Twenty eight years ago I was the bright, young, eager product marketing manager called out to the field to support sales by explaining the technical details of Convergent Technologies products to potential customers.
The OEM Business Convergent’s business was selling desktop computers (with our own operating system and office applications) to other computer manufacturers – most of them long gone: Burroughs, Prime, Monroe Data Systems, ADP, Mohawk, Gould, NCR, 4-Phase, AT&T. These companies would take our computers and put their name on them and resell them to their customers.
Business customers were starting to ask for “office automation solutions” – word processing, spreadsheets, graphing software on a desktop. This was just before the IBM PC hit the desktop so there were no “standard” operating systems or applications for desktop platforms. Computer hardware companies were faced with their customers asking for low-cost (relatively) desktop computers they had no experience in building. Their engineering teams didn’t have the expertise using off-the-shelf microprocessors (back then “real” computer companies designed their own instruction sets and operating systems.) They couldn’t keep up with the fast product development times that were enabled by using standard microprocessors. So their management teams were insisting that they OEM (buy from someone else) these products. Convergent Technologies was one of those OEM suppliers.
Their engineers hated us.
I was traveling with the regional sales manager who had called on these companies, gotten them interested and now needed someone from the factory to provide technical details and answer questions about how the product could be configured and customized.
See How Smart I Am As the eager young marketer on my first sales call, as soon as we shook hands I was in front of the room pitching our product and technical features. I knew everything about our operating system, hardware and applications – and I was going to prove it. I talked all about how great the new products were and went into excruciating detail on our hardware and operating system and explained why no one other than our company could build something so brilliantly designed. (This being presented to another company’s proud engineering team who was being forced to buy product from us because they couldn’t build their own in time.) After I sat down I was convinced the only logical conclusion was for the customer to tell us how many they wanted to buy.
The result wasn’t what I expected. The customers didn’t act particularly excited about the product and how brilliantly I presented it. I do believe some actually rolled their eyes. They looked at their watches, gave our sales guy a quizzical look and left.
After the meeting our sale rep took me aside and asked if “perhaps I wouldn’t mind watching him on the next call.“
Sports Scores The next day, as I drove to our next meeting the sales guy was intently reading the sports section of the newspaper and as I glanced over he seemed to be writing down the scores. I wondered if he had a bookie. When we got to the meeting he reminded me to be quiet and follow his lead.
We shook hands with the customers, but instead of launching into a product pitch (or better, letting me launch into the pitch) he started asking how their families were. He even remembered the names of their wives and kids and some details about schools or events. (I couldn’t believe it, here we were wasting precious time and the dumb sales guy is talking about other stuff.)
Just as I thought we were going to talk about the product, he then mentioned the previous nights football game. (Damn, another five minutes down the tube as the whole room chimed in with an opinion as we talked about something else unimportant.)
The Customer is a Genius Then instead of talking about our products he segued the conversation into their products.
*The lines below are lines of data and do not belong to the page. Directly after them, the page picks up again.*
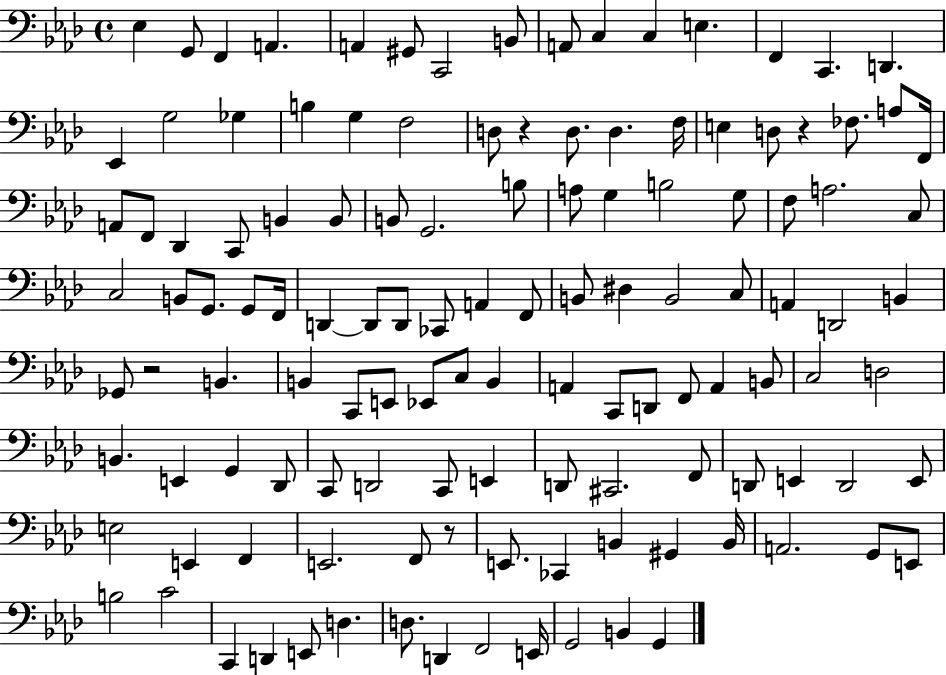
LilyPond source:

{
  \clef bass
  \time 4/4
  \defaultTimeSignature
  \key aes \major
  \repeat volta 2 { ees4 g,8 f,4 a,4. | a,4 gis,8 c,2 b,8 | a,8 c4 c4 e4. | f,4 c,4. d,4. | \break ees,4 g2 ges4 | b4 g4 f2 | d8 r4 d8. d4. f16 | e4 d8 r4 fes8. a8 f,16 | \break a,8 f,8 des,4 c,8 b,4 b,8 | b,8 g,2. b8 | a8 g4 b2 g8 | f8 a2. c8 | \break c2 b,8 g,8. g,8 f,16 | d,4~~ d,8 d,8 ces,8 a,4 f,8 | b,8 dis4 b,2 c8 | a,4 d,2 b,4 | \break ges,8 r2 b,4. | b,4 c,8 e,8 ees,8 c8 b,4 | a,4 c,8 d,8 f,8 a,4 b,8 | c2 d2 | \break b,4. e,4 g,4 des,8 | c,8 d,2 c,8 e,4 | d,8 cis,2. f,8 | d,8 e,4 d,2 e,8 | \break e2 e,4 f,4 | e,2. f,8 r8 | e,8. ces,4 b,4 gis,4 b,16 | a,2. g,8 e,8 | \break b2 c'2 | c,4 d,4 e,8 d4. | d8. d,4 f,2 e,16 | g,2 b,4 g,4 | \break } \bar "|."
}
He complemented their elegantly designed minicomputers and made some astute comment about their architecture (now I’m rolling my eyes, their computers were dinosaurs) and asked who were the brilliant designers. I was surprised to see that they were in the room. And soon the conversation were about architectural tradeoffs and then how customers didn’t appreciate the elegant designs and how the world was going to hell in a handbasket because of these commodity microprocessors. And our sales guy was agreeing and commiserating. (And I’m thinking why is he doing all this, just tell these idiots that the world has passed them by and they need to buy our stuff and lets get an order.)
The engineers spoke about all the pressure they were getting from management to build desktop personal computers rather than their traditional minicomputers. And that their management wanted these new systems on a schedule that was impossible to meet. Then our sales guy says something that makes me stop breathing for a while. “I bet if your management team would give you guys the resources you guys could build desktop computers better than anyone, even better than us.” There’s a unanimous agreement around the table about how great they were and how bad management was.
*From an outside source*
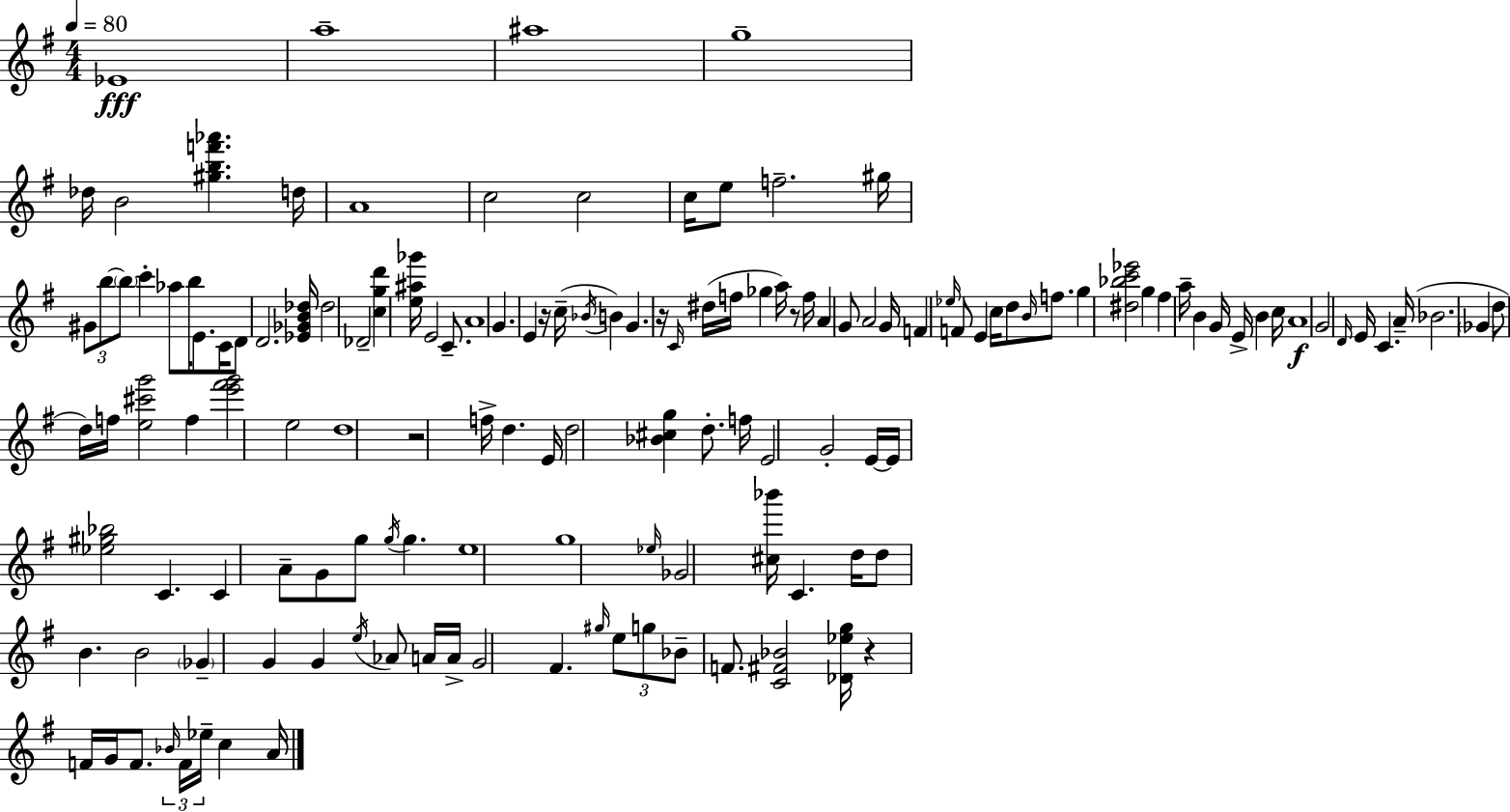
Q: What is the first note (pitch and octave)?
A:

The Consultative Sale Our sales guy then quietly asked if there was any way we could help them. (Help them?!! We’re here to sell them our stuff, why can’t we just present what we got and they’ll buy it.) The VP of Engineering says, “well we don’t have the resources or time, and as long as you know we could build better computers then you guys, why don’t you tell us the details about your computers.”
Engineers as Salesmen I thought (and still do) that this sales guy walked on water. He had spent 12 years at DEC, first as a hardware engineer designing part of the PDP-16, then as the marketing manager for the LSI-11 and then into sales.
Making sales calls with him taught me what a world class salesperson was like. It also made me understand what kind of support sales people needed from marketing and what marketing programs were wasted motion.
It also made me realize that there are times you don’t want any sales people in your company.
Startups and Sales If you read this post you can come away with the impression that every startup with a direct salesforce needs a consultative sales team. Not true.
The answer depends on your answer to two questions:
which step in the Customer Development process are you on?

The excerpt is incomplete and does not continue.